Los sondeos de opinión pública son el instrumento decisivo del poder imagológico, que
gracias a ellos vive en total armonía con el pueblo. El imagólogo bombardea a la gente
con preguntas: ¿cómo evoluciona la economía francesa? ¿Habrá guerra? ¿Existe en
Francia el racismo? ¿Es el racismo bueno o malo? ¿Quién es el mejor escritor de todos
los tiempos? ¿Está Hungría en Europa o en Polinesia? ¿Cuál de los hombres de Estado
es más sexy? Y como la realidad es para el hombre de hoy un continente cada vez
menos visitado y menos amado, para lo cual tiene motivos suficientes, los veredictos de
los sondeos se han convertido en una especie de realidad superior o, por así decirlo, se
han convertido en la verdad y, aunque sé que todo lo humano es perecedero, no soy
capaz de imaginar qué es lo que podría acabar con este poder.

En cuanto a la comparación entre la ideología y la imagología, querría añadir lo


siguiente: las ideologías eran como enormes ruedas tras el escenario que daban vueltas y
ponían en movimiento las guerras, las revoluciones, las reformas.

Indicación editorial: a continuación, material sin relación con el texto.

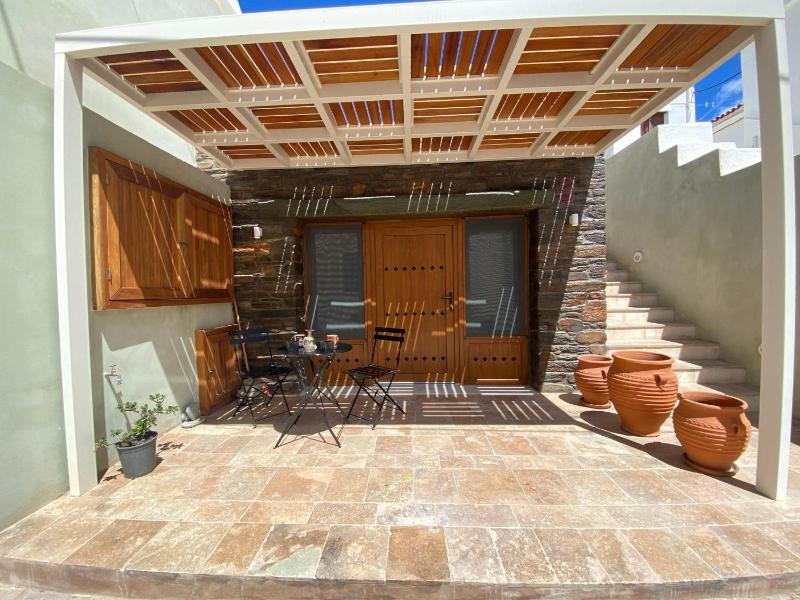 Superior Suite image 3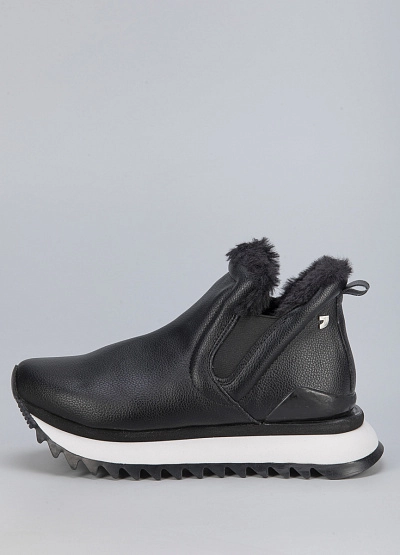 Кроссовки Gioseppo фото № 1 интернет-магазин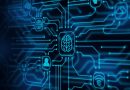 5 tips for maintaining teacher-student trust as AI classroom use grows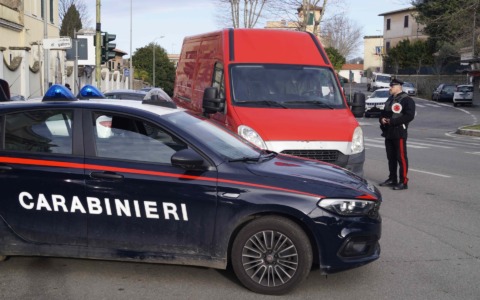 Controlli sulle case vacanza nel VCO: sanzioni per 18mila euro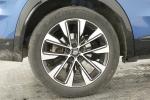 renault-austral-2024-gasolina-1332cc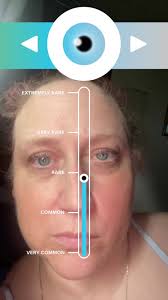 Nicole Schutt (@nicole_the_sloth)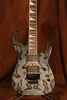 Snakeskin Jackson DK1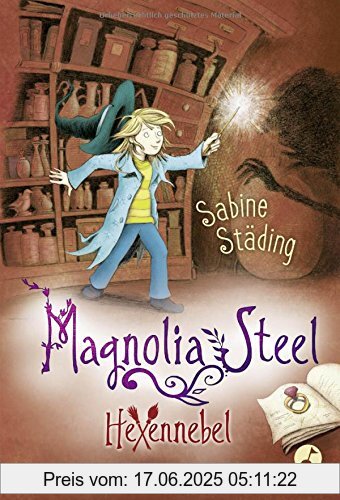 Binding : Gebundene Ausgabe, Label : Bastei Lübbe (Boje), Publisher : Bastei Lübbe (Boje), medium : Gebundene Ausgabe, numberOfPages : 320, publicationDate : 2016-10-14, authors : Sabine Städing, languages : german, ISBN : 3414824663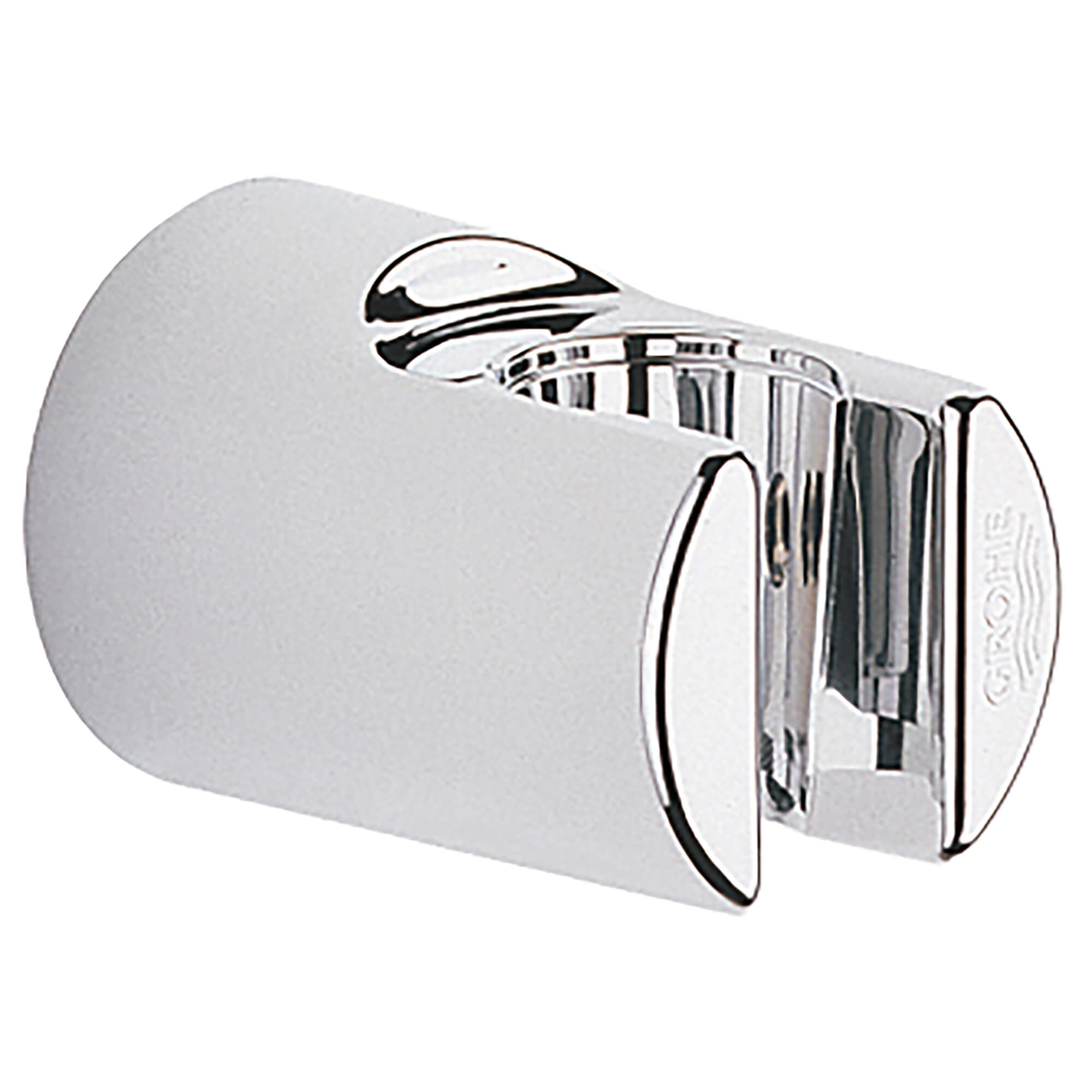 Grohe Wall Mount Hand Shower Holder Grohe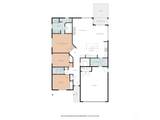 1202 Spiketon Road - Photo 3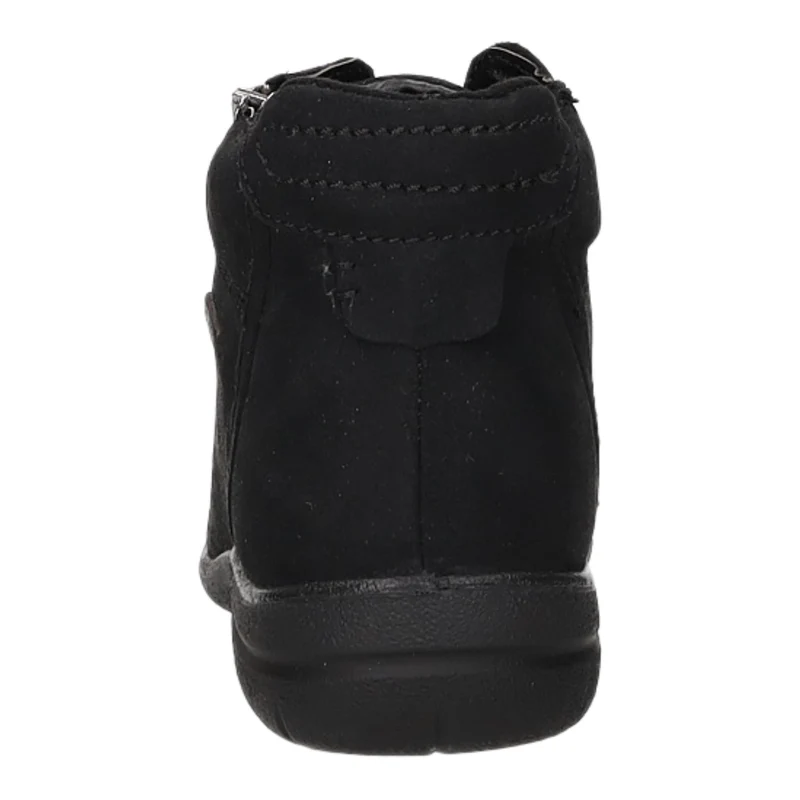 Josef Seibel Stiefelette Kaltfutter mit Mehrweite (diverse Böden) HELEN 50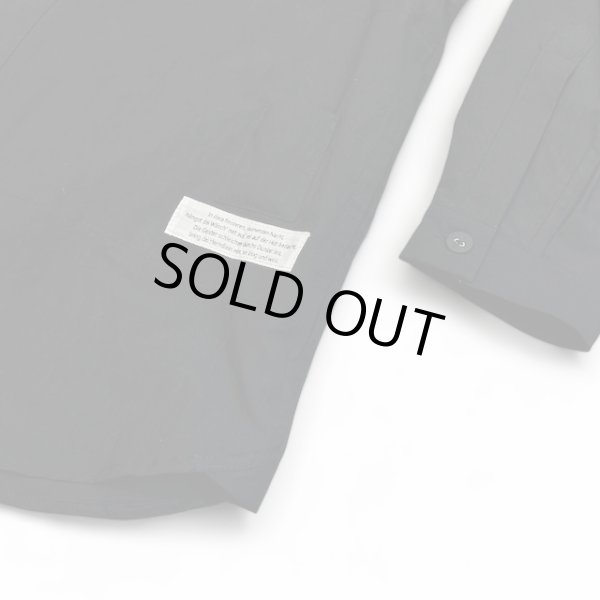 画像3: FRANK LEDER SHIRT (3)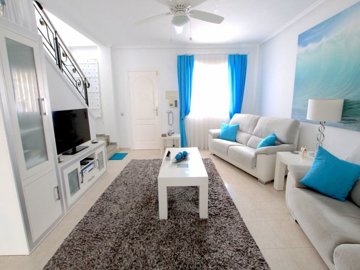 49465beautifullypresentedthreebedroomlolastyl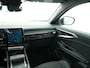 Renault Austral 1.2 E-TECH FULL HYBRID 200PK ESPRIT ALPINE | Pack Around View | 20 inch | Winterpakket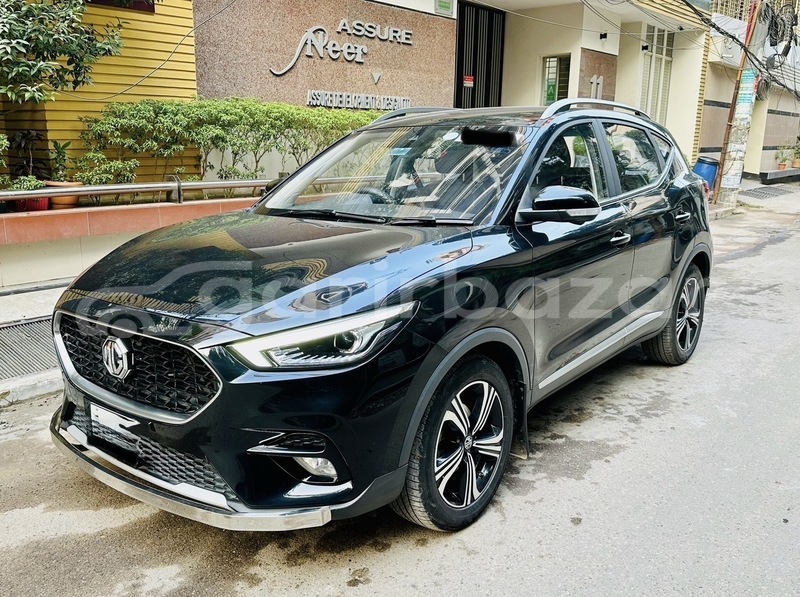 Big with watermark mg zs dhaka dhaka 84227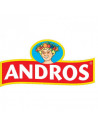 Andros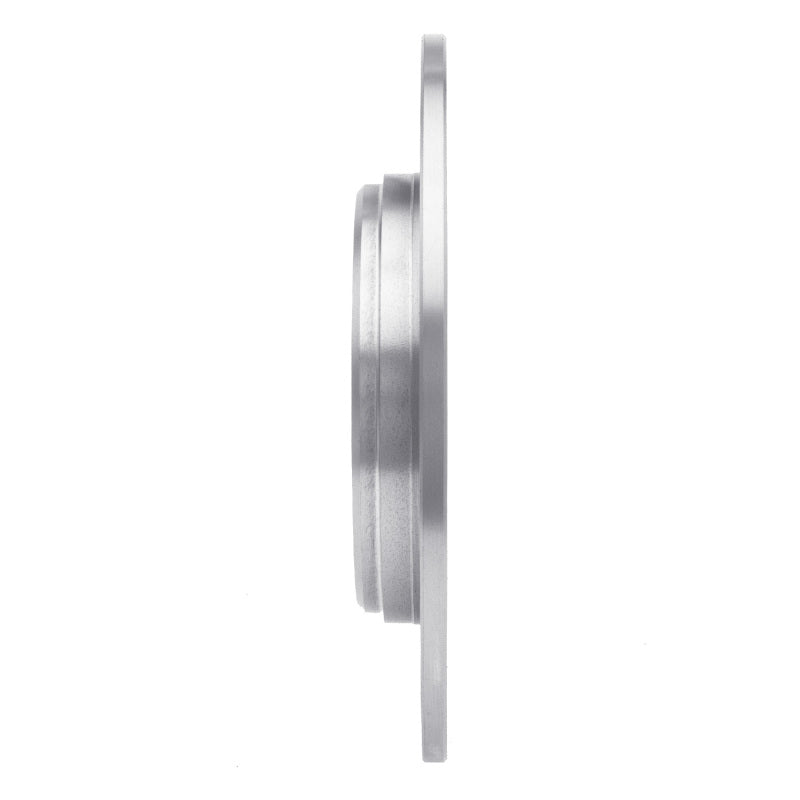 Load image into Gallery viewer, Dfc 600-58029 DFC Brake Rotors - Plain

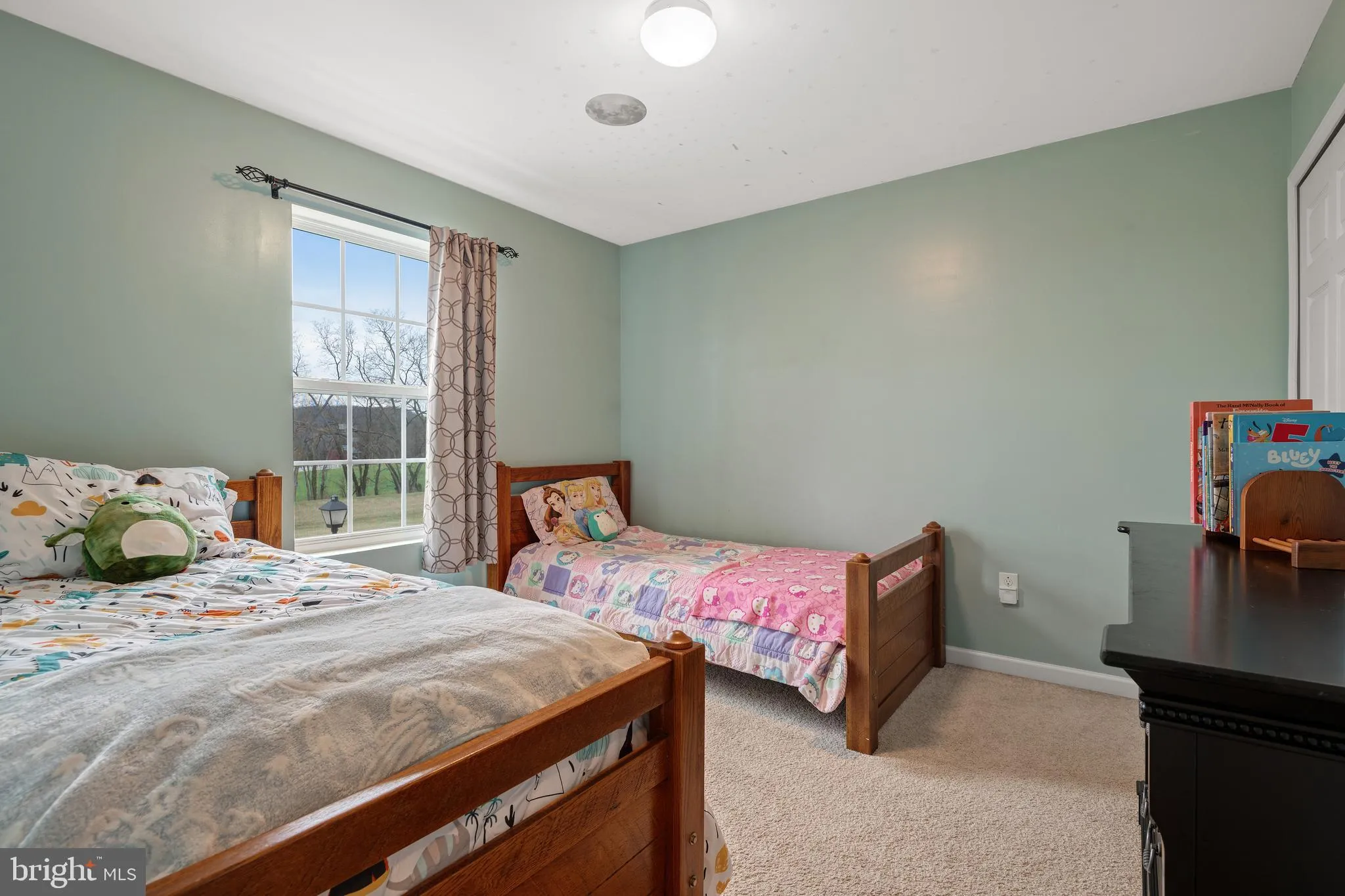 Marietta, Pennsylvania 17547, United States, 4 Bedrooms Bedrooms, ,3 BathroomsBathrooms,Residential,Active,90495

Las ruedas de la
imagología dan vueltas, pero esto no incide sobre la historia. Las ideologías luchaban
unas contra otras y cada tanto una de ellas era capaz de llenar con su pensamiento toda
una época. La imagología organiza ella misma la alternancia pacífica de sus sistemas al
ritmo veloz de las temporadas. Dicho con las palabras de Paul: las ideologías
pertenecían a la historia, mientras que el gobierno de la imagología comienza allí donde
termina la historia.
La palabra cambio, tan querida para nuestra Europa, ha adquirido un nuevo significado:
no significa un nuevo estadio de una evolución continua (como lo entendían Vico,
Hegel o Marx) sino un desplazamiento de un sitio a otro, de un lado a otro, de aquí
hacia atrás, de atrás hacia la izquierda, de la izquierda hacia adelante (tal como lo
entienden los sastres que inventan un nuevo modelo para la nueva temporada). Si los
imagólogos han decidido que en el club de gimnasia al que va Agnes todas las paredes
estarán recubiertas de enormes espejos no es porque los que hacen gimnasia necesiten
observarse durante sus ejercicios sino porque en la ruleta imagológica el espejo en este
momento se ha convertido en un número afortunado. Si en el momento en que escribo
estas páginas todos han decidido que Martin Heidegger debe ser considerado un
delirante y un perro sarnoso no es porque su pensamiento haya sido superado por otros
filósofos, sino porque en la ruleta imagológica se ha convertido en un número
desafortunado, en un antiideal. Los imagólogos crean sistemas de ideales y antiideales,
sistemas que tienen corta duración y cada uno de los cuales es rápidamente reemplazado
por otro sistema, pero que influyen en nuestro comportamiento, nuestras opiniones
políticas y preferencias estéticas, en el color de las alfombras y los libros que elegimos,
tan poderosamente como en otros tiempos eran capaces de dominarnos los sistemas de
los ideólogos.

Tras estos comentarios puedo volver al comienzo de la reflexión. El político depende


del periodista. ¿De quién dependen los periodistas? De los imagólogos. El imagólogo es
un hombre de convicciones y de principios: exige del periodista que su periódico (canal
de televisión, emisora de radio) responda al sistema imagológico de un momento dado.
Y eso es lo que los imagólogos controlan de tanto en tanto, cuando deciden si van a
apoyar a este o a aquel periódico...

Milan Kundera, escritor de origen checo, naturalizado francés.

Tomado de La inmortalidad (Tusquets, 1989), con autorización de sus editores.